What the exercise asks: Give back all of the data exactly, with every picture omitted.

Image-caption web data
···
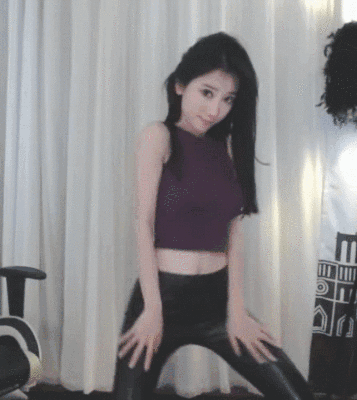 性感美女的邪恶GIF图片：这应该是晚上吧？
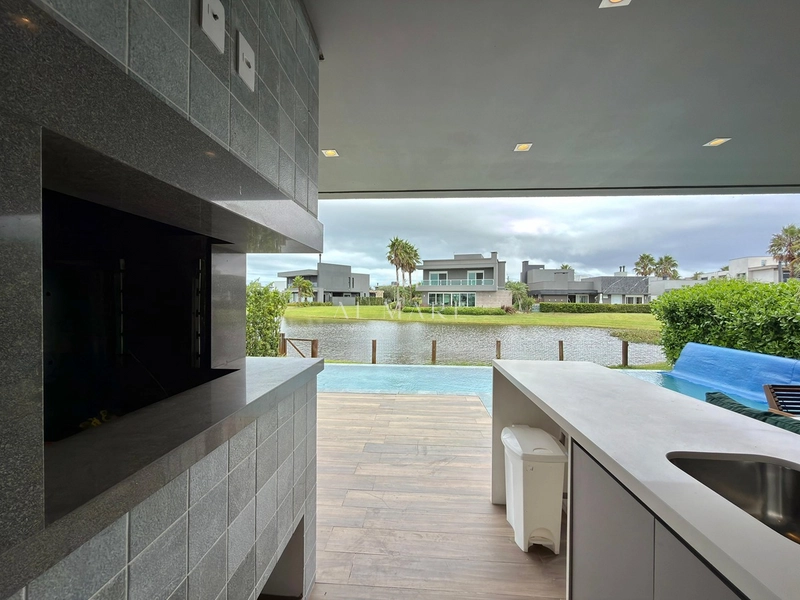 Sobrado Beira Lago: 26ª foto da galeria de imagens do imóvel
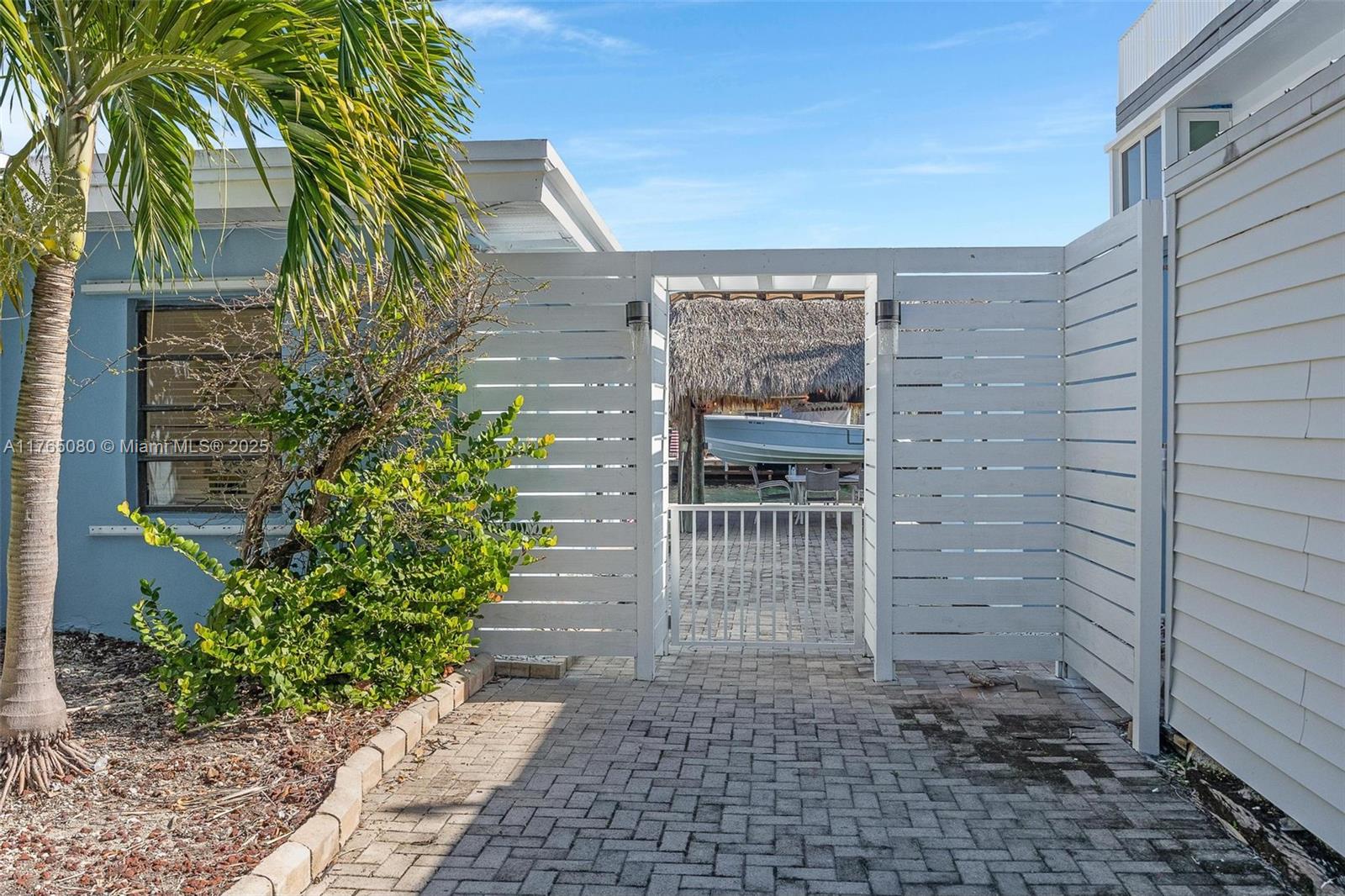 230 Jolly Roger Dr Property Photo 4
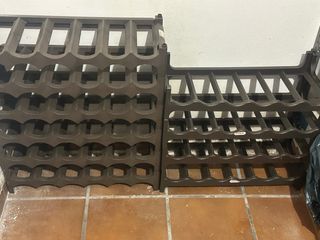 Dos botelleros de plástico marrones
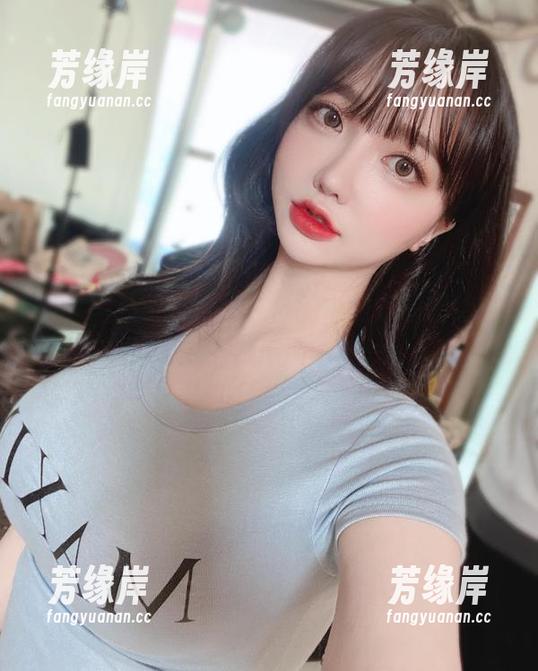 韩国孙乐乐 看韩国孙乐乐如何在自拍中创造原图绝技,堪称“自拍魔术师”!
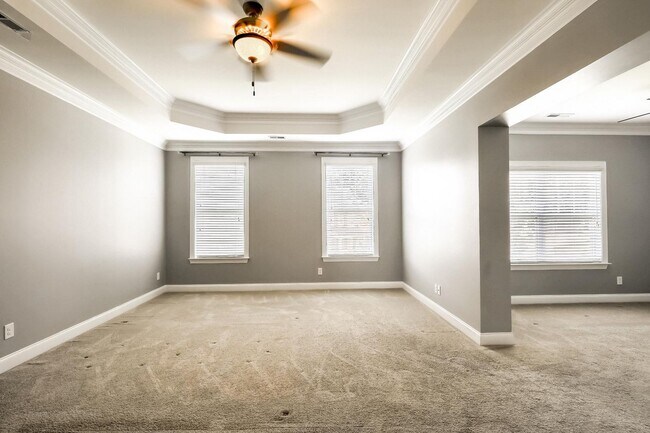 Building Photo - 5 Bedroom single family home in Mooresville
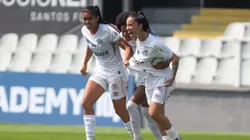 Karla jogadora do Santos comemora seu gol com jogadoras do seu time durante partida contra o Botafogo na Vila Belmiro pelo Brasileiro A Feminino 2024. Foto: Reinaldo Campos/AGIF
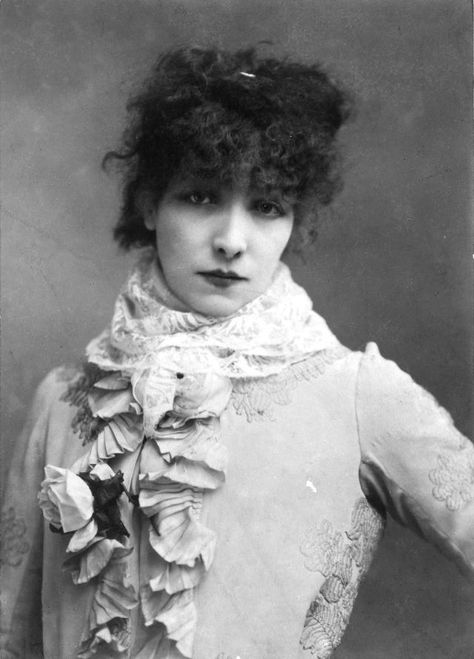 Original Goth? Portraits of French Actress Sarah Bernhardt, Who Liked to Wear a Stuffed Bat and Had a Coffin to Sleep ~ vintage everyday Lisa Hairstyle, 1870s Hairstyles, Sara Bernhardt, Pierrot Clown, Sarah Bernhardt, Victorian Hairstyles, Portrait Vintage, Curly Bangs, Athletic Hairstyles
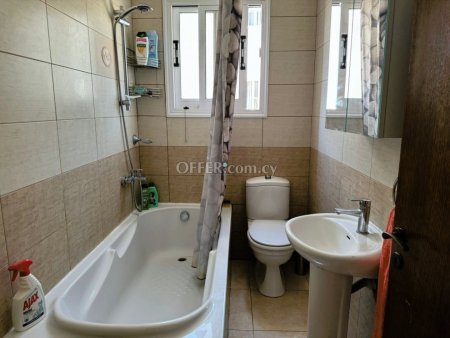 2 Bed Apartment for Rent in Faneromeni, Larnaca - 4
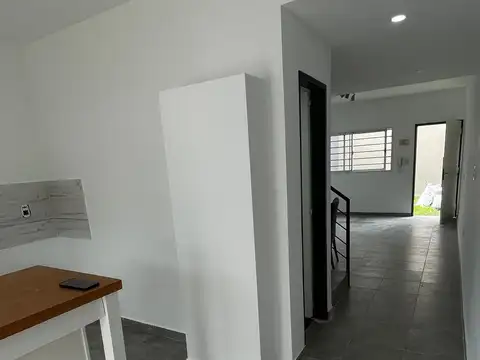 Casa en Alquiler en Villa Ariza, $ 850.000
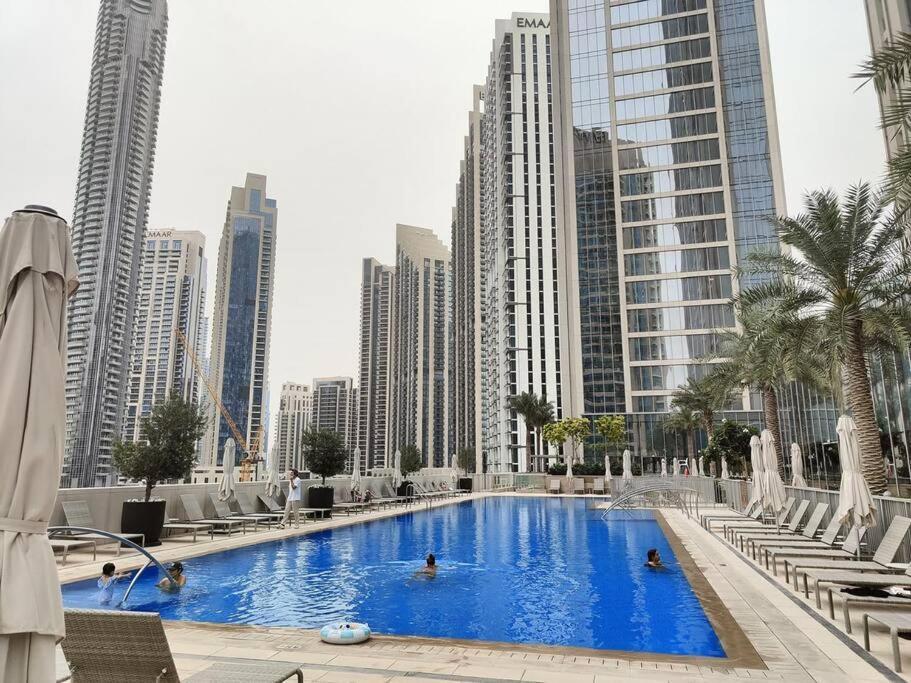 Burj View - 10 Minutes Walk Dream Lux Designer 3bd Будинок відпочинку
···
Answer for the task:
 性感美女的邪恶GIF图片：这应该是晚上吧？
 Sobrado Beira Lago: 26ª foto da galeria de imagens do imóvel
 230 Jolly Roger Dr Property Photo 4
 Dos botelleros de plástico marrones
 韩国孙乐乐 看韩国孙乐乐如何在自拍中创造原图绝技,堪称“自拍魔术师”!
 Building Photo - 5 Bedroom single family home in Mooresville
 Karla jogadora do Santos comemora seu gol com jogadoras do seu time durante partida contra o Botafogo na Vila Belmiro pelo Brasileiro A Feminino 2024. Foto: Reinaldo Campos/AGIF
 Original Goth? Portraits of French Actress Sarah Bernhardt, Who Liked to Wear a Stuffed Bat and Had a Coffin to Sleep ~ vintage everyday Lisa Hairstyle, 1870s Hairstyles, Sara Bernhardt, Pierrot Clown, Sarah Bernhardt, Victorian Hairstyles, Portrait Vintage, Curly Bangs, Athletic Hairstyles
 2 Bed Apartment for Rent in Faneromeni, Larnaca - 4
 Casa en Alquiler en Villa Ariza, $ 850.000
 Burj View - 10 Minutes Walk Dream Lux Designer 3bd Будинок відпочинку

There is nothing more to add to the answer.